Maurizio Pollini, piano
May 28, 2017
Chopin: Two Nocturnes, Op. 27
Chopin: Ballade No. 3 in A-flat Major, Op. 47
Chopin: Ballade No. 4 in F Minor, Op. 52
Chopin: Berceuse in D-flat Major, Op. 57
Chopin: Scherzo No. 1 in B minor, Op. 20
Chopin: Two Nocturnes, Op. 55
Chopin: Piano Sonata No. 3 in B Minor, Op. 58
Chopin: Scherzo No. 3 in C-sharp minor, Op. 39
Chopin: Ballade No. 1 in G Minor, Op. 23
The music of Chopin has been inextricably linked to Maurizio Pollini virtually since the beginning of the pianist’s storied career. Yet Pollini is a man who champions Boulez and Stockhausen just and much as Chopin or Beethoven, and accordingly, his Chopin tends to skirt flowery sentimentality in favor of precision and exactitude. The results, however, are rarely dry and academic, instead forging a fresh interpretation wherein the composer’s Romantic and modernist propensities are held in an engaging duality, and one was eager to witness this approach in Pollini’s all-Chopin program that traversed a generous helping of the Pole’s major works.

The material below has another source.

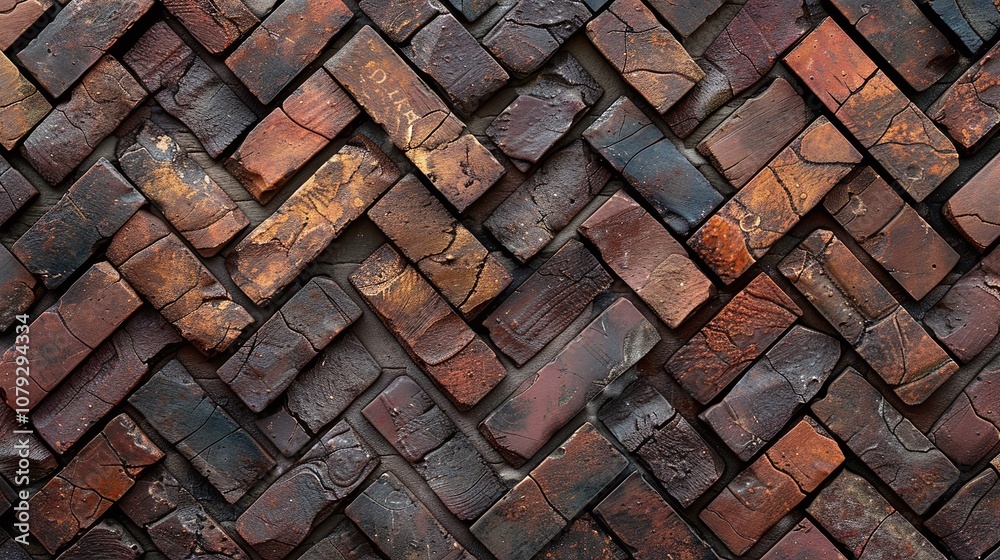 Brown and black herringbone brick pattern, rustic artisan design, textured geometric background, bold vintage style, high-resolution textured decor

Both halves of the recital opened with a pair of nocturnes; the sterling examples from Op. 27 were chosen for the first half. A songful, melancholic melody was emphasized in the C sharp minor, contrasted by a more animated middle section. In the D flat major nocturne, Chopin’s indebtedness to the Italians was apparent in its graceful bel canto melodies, and Pollini proved that one need not be saccharine to convey genuine emotion.

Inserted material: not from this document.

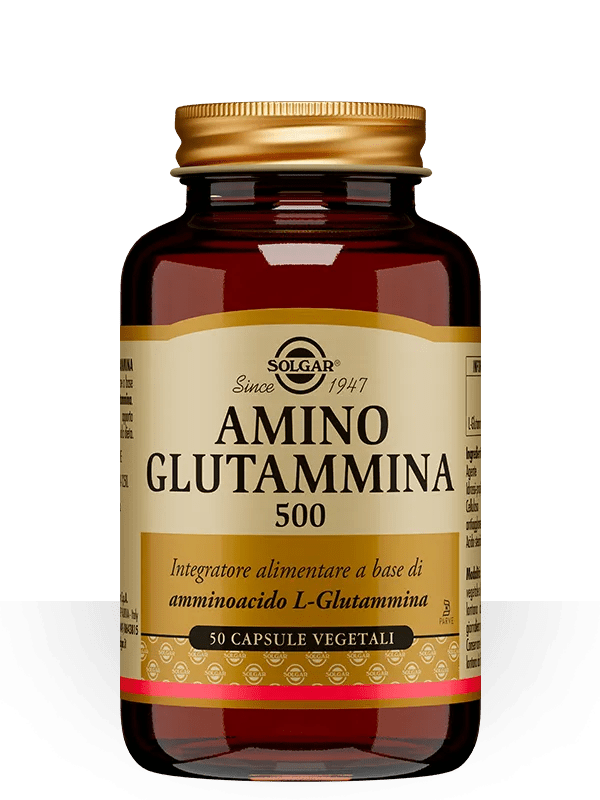 Solgar Amino Glutammina 500 Integratore Memoria 50 Capsule Vegetali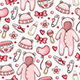 Pattern with Pink Baby Girl Clothes and Accessory - GraphicRiver Item for Sale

The latter two of the magnificent ballades followed; the Ballade No. 3 in A flat major was joyous in its sprightly energy. John Ogdon famously said of the Fourth Ballade that “it is unbelievable that it lasts only twelve minutes, for it contains the experience of a lifetime”. A true testament to Chopin’s ambition, and Pollini – now at age 75 – imbued his performance with a lifetime of experience. It opened with an intensely lyrical theme, yet the beauty of sound was often in a tenuous relationship with the work’s exacting counterpoint. While one could carp that the articulation in the arpeggiated sections wasn’t on par with the legendary technique the pianist boasted in his younger days, it did little to detract from the ballade’s dramatic impact. A chordal passage heralding the coda was beautifully voiced, the calm before the storm of its cataclysmic conclusion.

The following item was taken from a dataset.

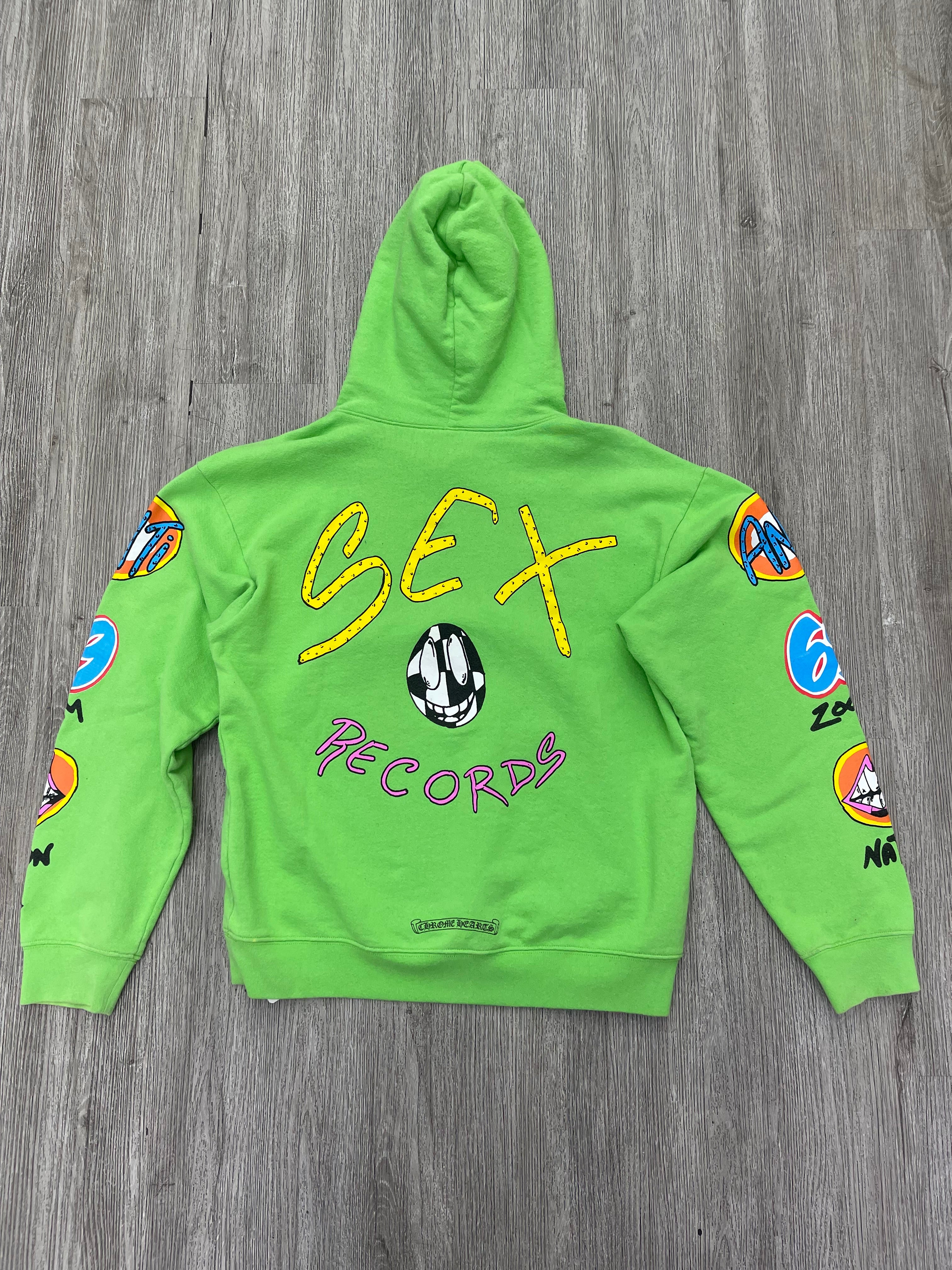 Chrome hearts sex records green hoodie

The Berceuse, brief as it may be, is a gem from Chopin’s late years. Delicate and with a sense of fragility, Pollini gave a nuanced reading in its assiduously detailed ornamentation. It was something of a respite before the tempestuous Scherzo No. 1 in B minor, opening with aggressive energy if somewhat marred by fitful prestidigitation. There was a wistfulness to the central lyrical section, yet Pollini could have aspired to greater contrast by relaxing the tempo even further prior to the return of the main theme that inexorably leads to the work’s shattering coda.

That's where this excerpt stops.